SPECTATOR - "MIGHT WELL BE THE BEST EVER USER'S MANUAL ON SWAMP SURVIVAL"
Two more reviews of Are Snakes Necessary today from the U.K. --
Geoffrey Wansell, The Daily Mail
Legendary film director De Palma (The Untouchables and Dressed To Kill) joins forces with a New York Times editor to write this engaging debut.It’s pure pulp fiction, with a cast of characters who wouldn’t be out of place in a Quentin Tarantino movie.
Lee Rogers, a U.S. Senator, is cheating on his wife with a young videographer who is covering his campaign. Inevitably, rumours start and he asks his ‘fixer’ to sort out the mess.
The videographer flees to Paris, where she meets a photographer who is working on a new version of Hitchcock’s Vertigo, and who has been having an affair with the wife of one of Las Vegas’s richest men.
The stories quickly coalesce, with justice handed out in ever more lurid forms.

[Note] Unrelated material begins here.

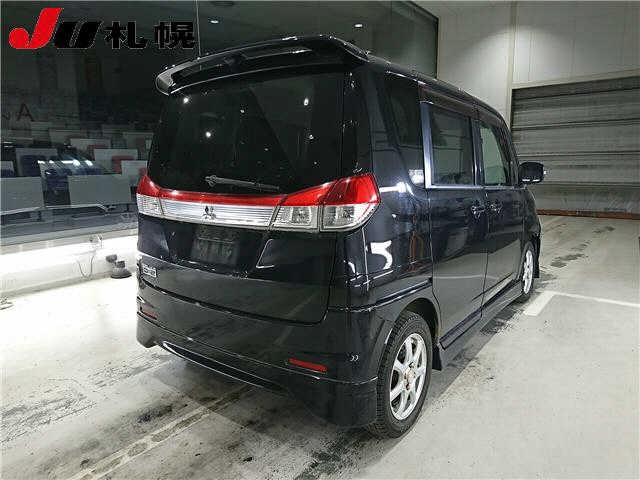 MITSUBISHI DELICA D:2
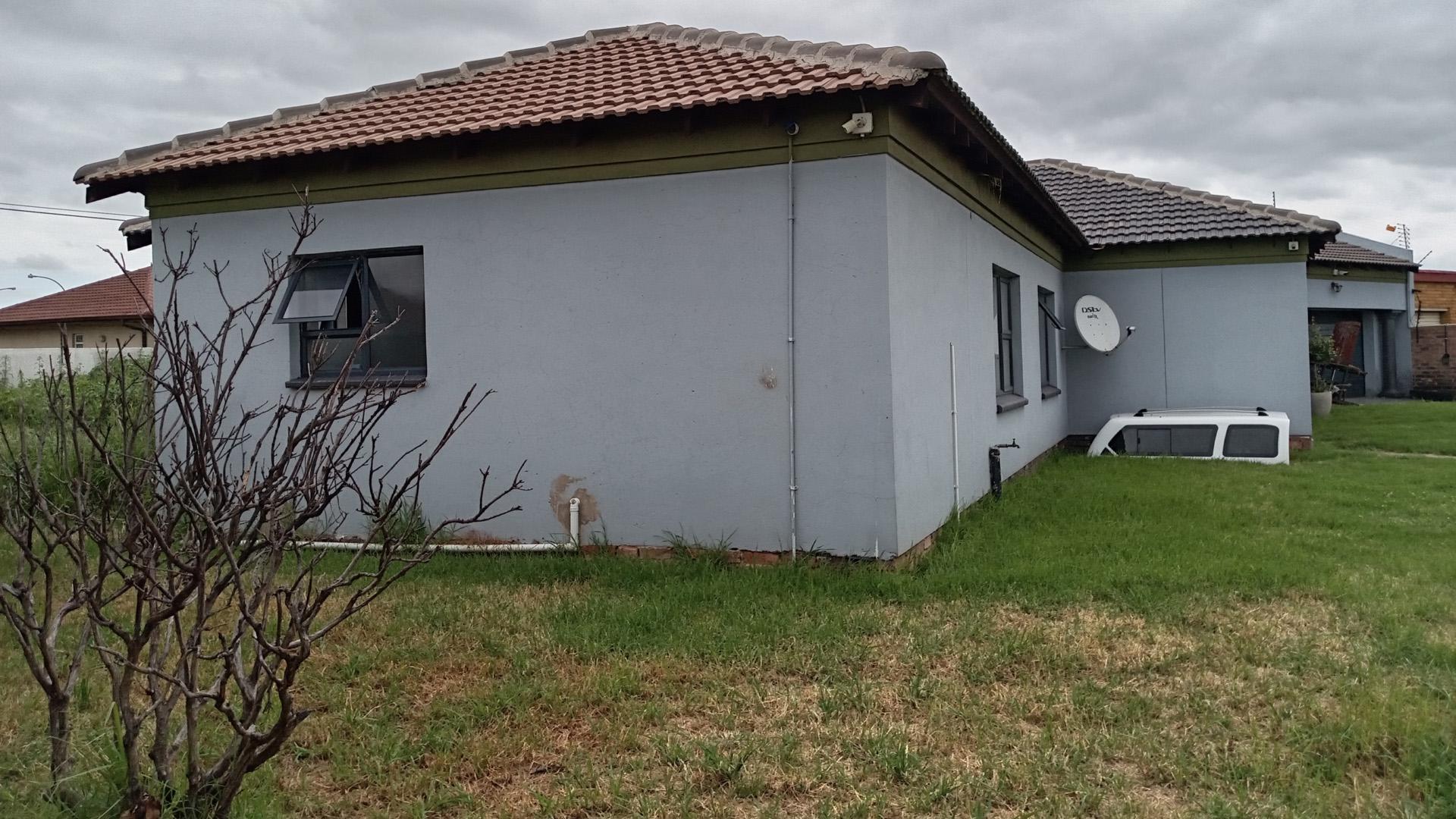 Front View of property in Kriel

Told with great panache, it is richly entertaining, and the title is a homage to Preston Sturges’s film The Lady Eve, where Henry Fonda reads a book with this same title.
Jeff Noon, The Spectator
Brian De Palma brings his film director’s eye to Are Snakes Necessary? (Hard Case, £16.99), written in collaboration with the author Susan Lehman. The novel merges fierce political satire with the tale of a corrupt senator happy to cheat on his wife, despite her suffering from Parkinson’s disease. The latest object of his lust is a young videographer hired to record his campaign. Of course, things go from bad to worse and the senator is forced to call in a fixer to sort out the trouble. Terrible consequences ensue, all the way from Washington to Las Vegas to Paris. A globe-trotting sleaze-fest.The story is pushed forward by the three drives of classic noir — sex, money and power, with the first two only seen as stepping stones on the way to the third. Everyone is either corrupt or on their way to being so. The book is giddy on its own pastiche. Yes, this is a film-maker’s novel, with the many short chapters acting like scenes in a movie and the characters painted in deft strokes, one or two emotions at a time. In truth, there is only one goal: to survive in the swamp pit. In which case, this might well be the best ever user’s manual on swamp survival.